◆ Dataset extract ◆
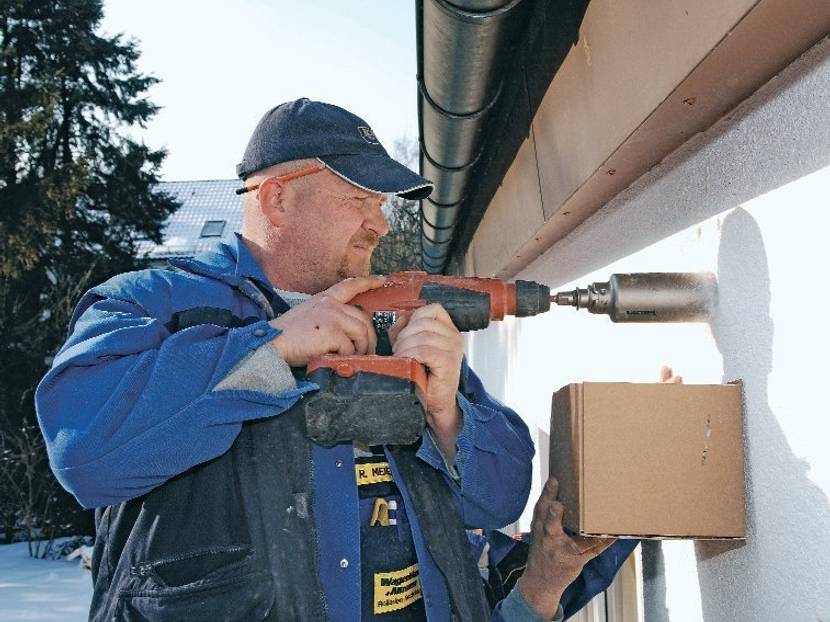 markise-anbringen-Weitere Bohrungen auf der anderen Seite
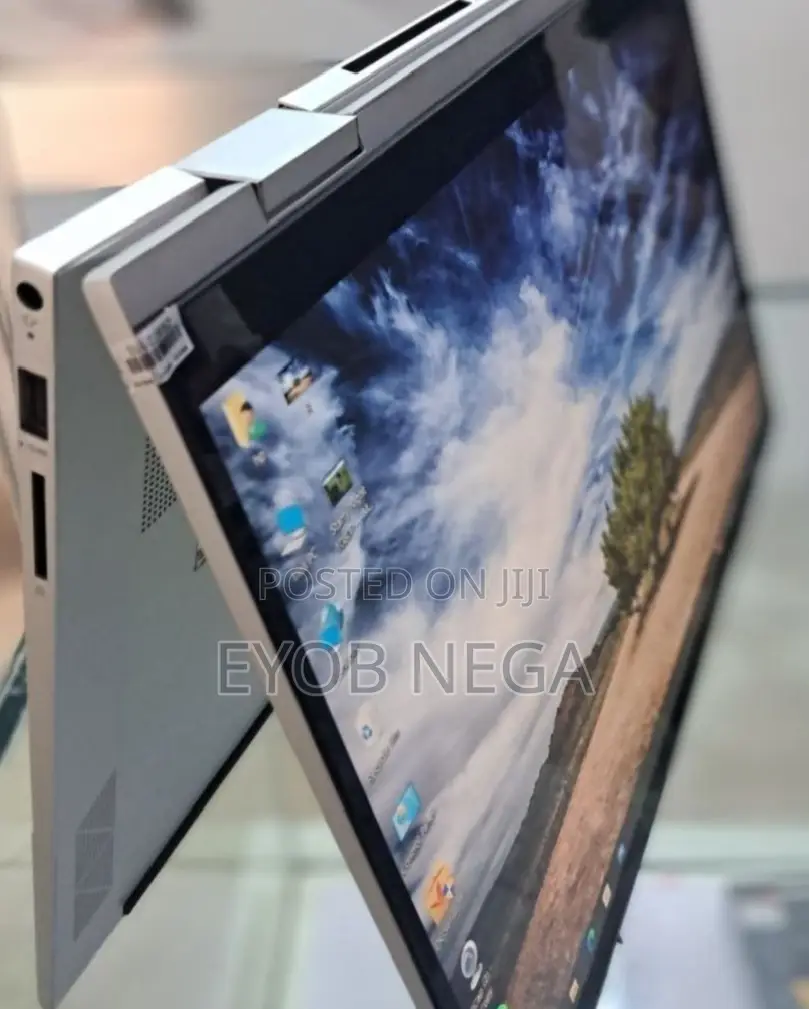 New Laptop HP Envy X360 8GB Intel Core I5 SSD 512GB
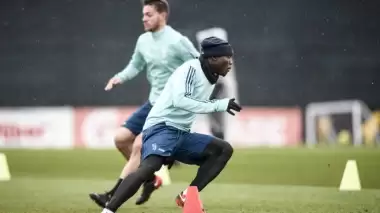 Asamoah ve Fellaini elden kaçıyor! İşte son durum...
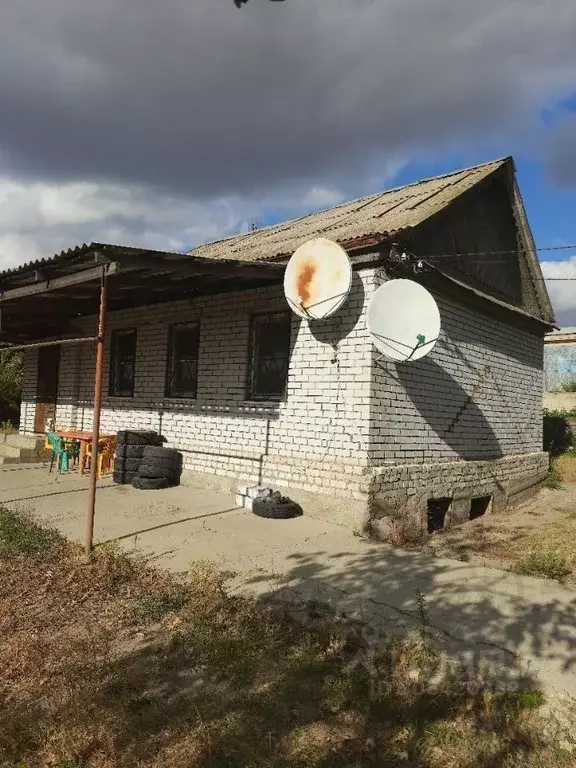 Дом в Волгоградская область, Волгоград Азовская ул. (50 м) - Фото 1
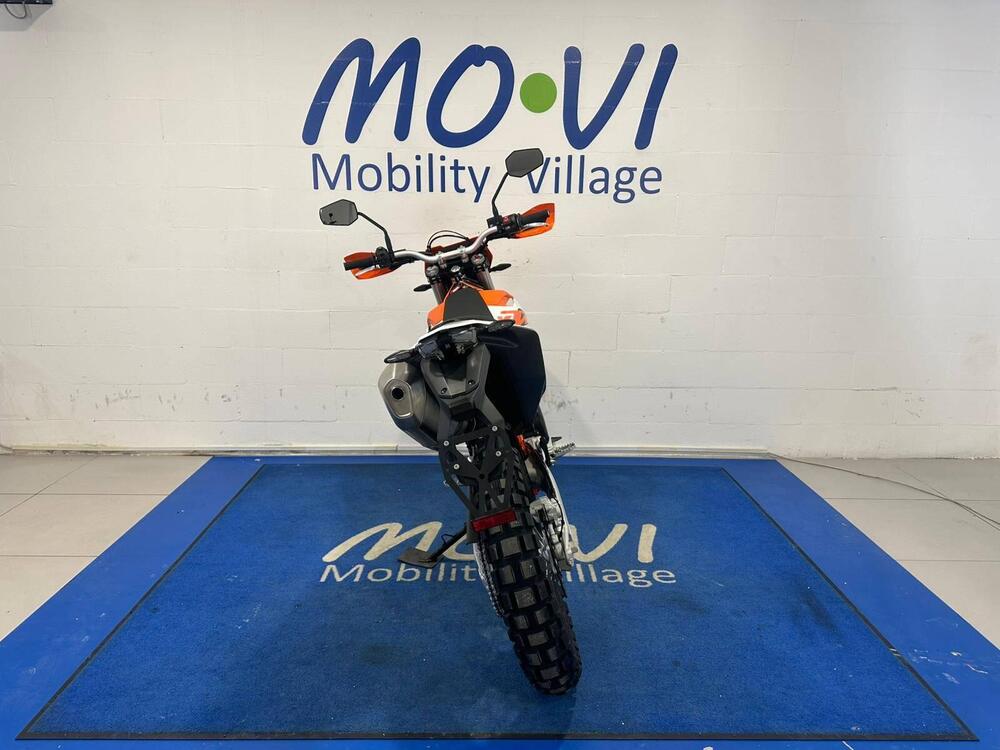 KTM 690 Enduro R (2026) (3)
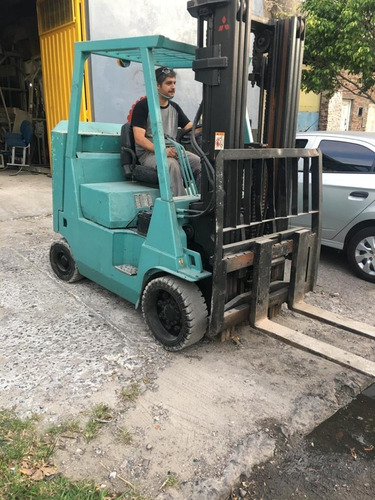 Autoelevador Mitsubishi 4 Tn Torre Triple Y Desplazador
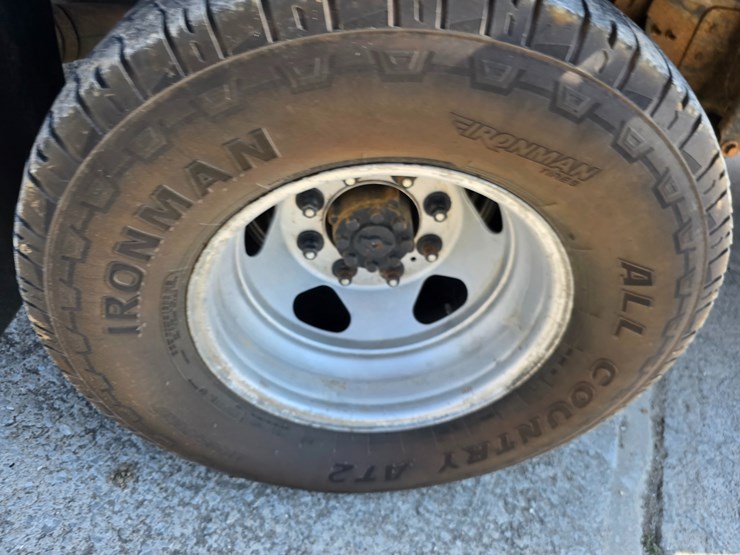 2015-chevrolet-silverado-3500-image-49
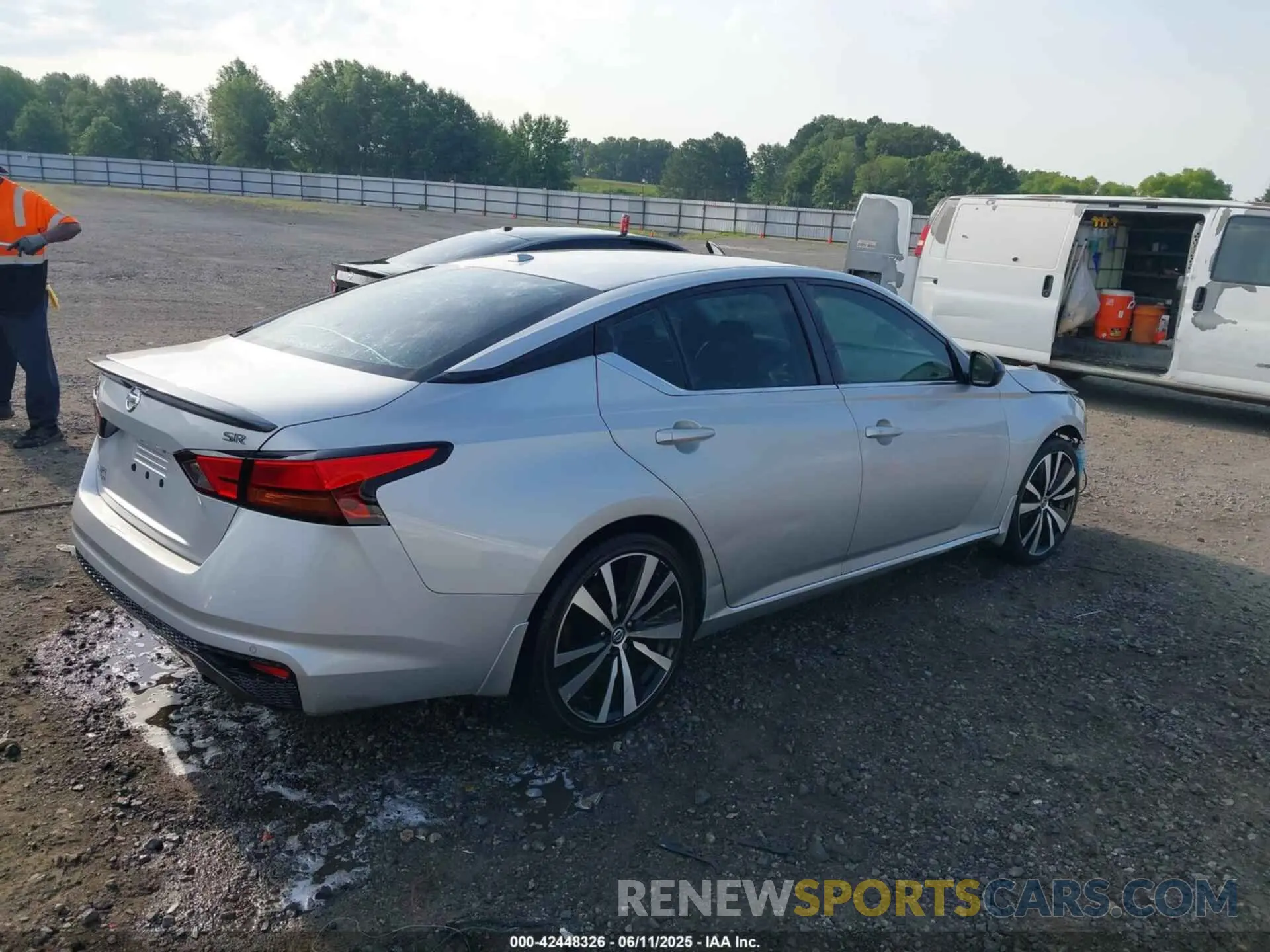 4 Photograph of a damaged car 1N4BL4CV7LC126797 NISSAN ALTIMA 2020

◆ Task to carry out ◆
Repeat all of the records verbatim, leaving out the pictures.

◆ Task solution ◆
 markise-anbringen-Weitere Bohrungen auf der anderen Seite
 New Laptop HP Envy X360 8GB Intel Core I5 SSD 512GB
 Asamoah ve Fellaini elden kaçıyor! İşte son durum...
 Дом в Волгоградская область, Волгоград Азовская ул. (50 м) - Фото 1
 KTM 690 Enduro R (2026) (3)
 Autoelevador Mitsubishi 4 Tn Torre Triple Y Desplazador
 2015-chevrolet-silverado-3500-image-49
 4 Photograph of a damaged car 1N4BL4CV7LC126797 NISSAN ALTIMA 2020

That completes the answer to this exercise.